Start of Block

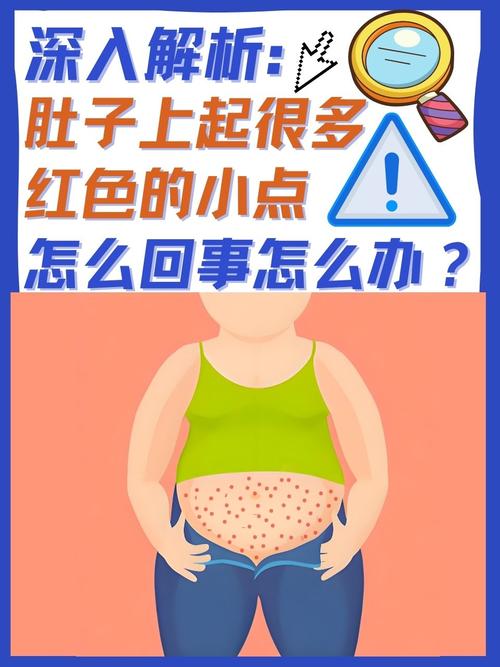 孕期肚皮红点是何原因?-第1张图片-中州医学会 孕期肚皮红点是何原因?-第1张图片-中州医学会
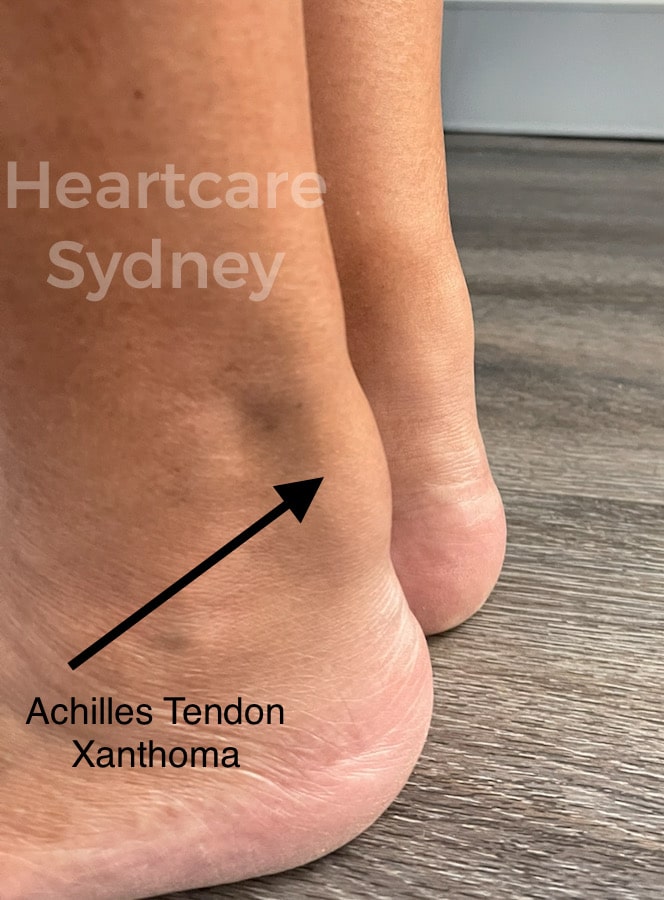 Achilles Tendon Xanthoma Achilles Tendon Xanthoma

End of Block
Start of Block

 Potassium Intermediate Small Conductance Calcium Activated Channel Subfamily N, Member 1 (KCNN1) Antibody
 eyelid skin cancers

End of Block
Start of Block

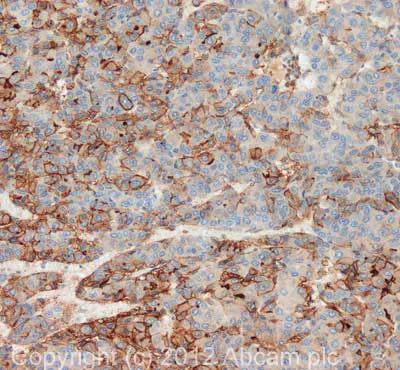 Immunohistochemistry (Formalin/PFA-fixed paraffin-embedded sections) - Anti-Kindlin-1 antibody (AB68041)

End of Block

DESCRIPTION OF THE TASK:
Since the pictures are not part of the copy, please transcribe only the lines above from the one with "孕期肚皮红点是何原因?-第1张图片-中州医学会 孕期肚皮" through the one with "Achilles Tendon Xanthoma Achilles", exactly and with both ends.

RESULT:
 孕期肚皮红点是何原因?-第1张图片-中州医学会 孕期肚皮红点是何原因?-第1张图片-中州医学会
 Achilles Tendon Xanthoma Achilles Tendon Xanthoma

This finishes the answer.